[Records drawn from a dataset]
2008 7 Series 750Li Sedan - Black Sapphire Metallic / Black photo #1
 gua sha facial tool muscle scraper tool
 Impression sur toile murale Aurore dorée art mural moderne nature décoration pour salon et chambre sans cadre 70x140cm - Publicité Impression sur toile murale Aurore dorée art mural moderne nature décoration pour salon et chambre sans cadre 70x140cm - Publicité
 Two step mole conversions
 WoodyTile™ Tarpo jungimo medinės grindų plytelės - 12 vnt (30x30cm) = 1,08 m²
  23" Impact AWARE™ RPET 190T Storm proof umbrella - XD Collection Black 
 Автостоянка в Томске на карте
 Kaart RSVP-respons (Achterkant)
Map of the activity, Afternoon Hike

**TASK BRIEF**: Repeat each record word for word.

**EXERCISE RESPONSE**:
2008 7 Series 750Li Sedan - Black Sapphire Metallic / Black photo #1
 gua sha facial tool muscle scraper tool
 Impression sur toile murale Aurore dorée art mural moderne nature décoration pour salon et chambre sans cadre 70x140cm - Publicité Impression sur toile murale Aurore dorée art mural moderne nature décoration pour salon et chambre sans cadre 70x140cm - Publicité
 Two step mole conversions
 WoodyTile™ Tarpo jungimo medinės grindų plytelės - 12 vnt (30x30cm) = 1,08 m²
  23" Impact AWARE™ RPET 190T Storm proof umbrella - XD Collection Black 
 Автостоянка в Томске на карте
 Kaart RSVP-respons (Achterkant)
Map of the activity, Afternoon Hike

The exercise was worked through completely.